START Dataset records
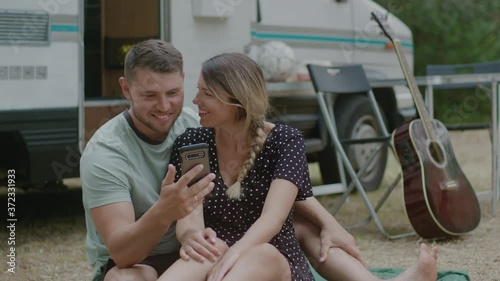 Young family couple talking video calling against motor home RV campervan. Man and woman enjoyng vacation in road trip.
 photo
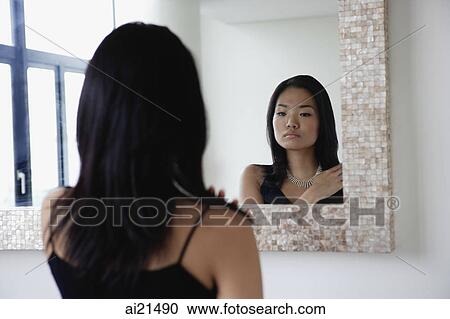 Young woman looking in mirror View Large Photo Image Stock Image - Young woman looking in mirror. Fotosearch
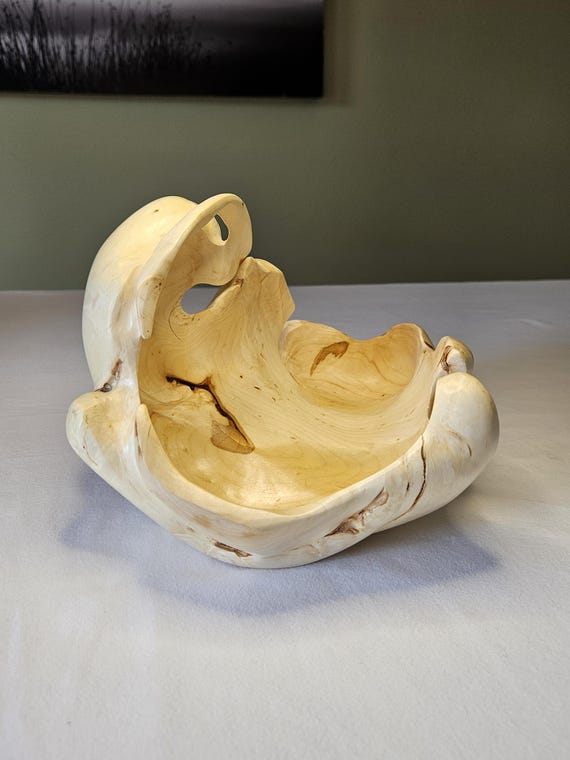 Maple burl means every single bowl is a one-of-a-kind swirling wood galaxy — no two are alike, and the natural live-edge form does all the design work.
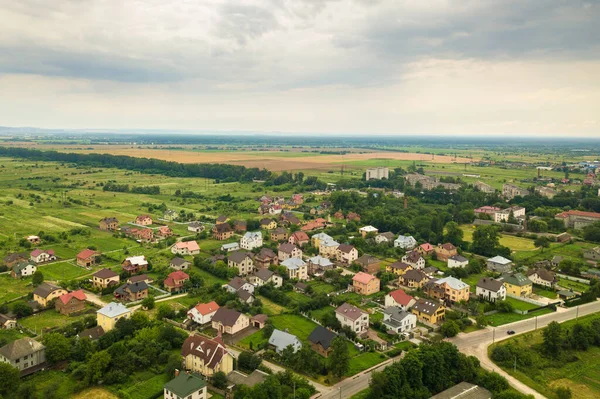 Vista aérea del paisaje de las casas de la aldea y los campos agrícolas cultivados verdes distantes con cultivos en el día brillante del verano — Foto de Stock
END Dataset records
START Dataset records
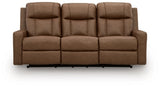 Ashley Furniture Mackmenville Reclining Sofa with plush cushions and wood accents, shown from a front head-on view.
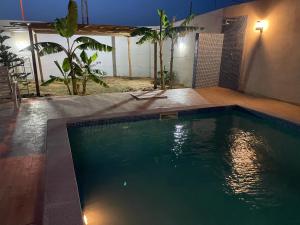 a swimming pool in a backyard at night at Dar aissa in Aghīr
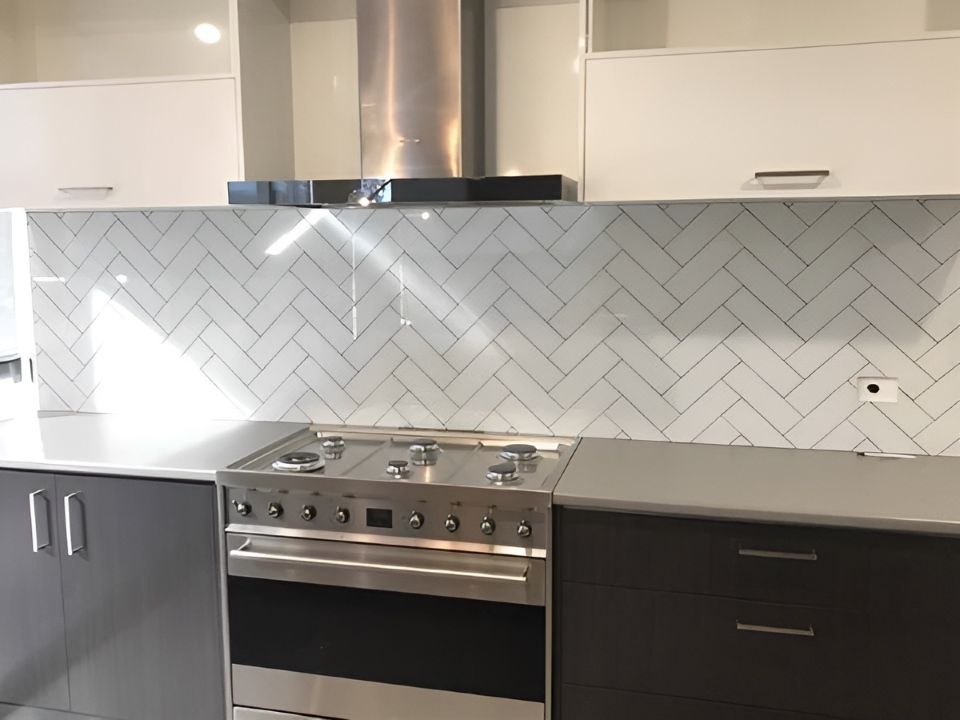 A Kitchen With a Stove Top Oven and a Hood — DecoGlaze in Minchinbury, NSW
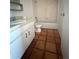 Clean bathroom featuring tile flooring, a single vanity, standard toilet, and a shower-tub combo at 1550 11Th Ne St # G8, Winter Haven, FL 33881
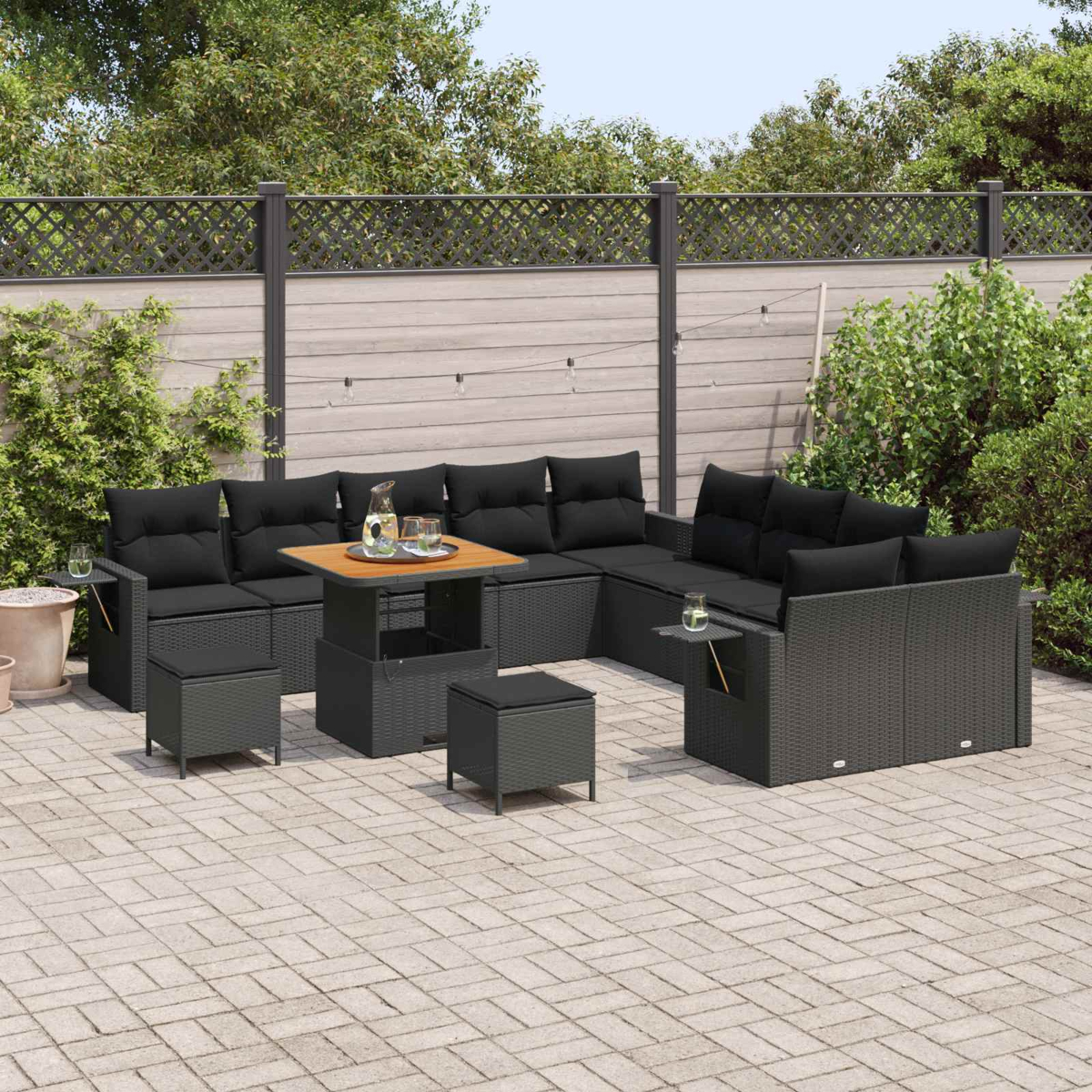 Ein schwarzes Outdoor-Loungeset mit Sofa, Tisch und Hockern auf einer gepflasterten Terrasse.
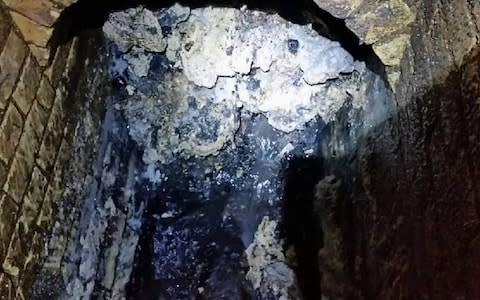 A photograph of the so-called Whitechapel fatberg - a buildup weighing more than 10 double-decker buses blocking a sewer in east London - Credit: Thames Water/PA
END Dataset records
## Task directions
Repeat only the stretch of data above that runs from the line with "a swimming pool" to the line with "Clean bathroom featuring". Keep both end lines; exclude pictures.

## Answer
 a swimming pool in a backyard at night at Dar aissa in Aghīr
 A Kitchen With a Stove Top Oven and a Hood — DecoGlaze in Minchinbury, NSW
 Clean bathroom featuring tile flooring, a single vanity, standard toilet, and a shower-tub combo at 1550 11Th Ne St # G8, Winter Haven, FL 33881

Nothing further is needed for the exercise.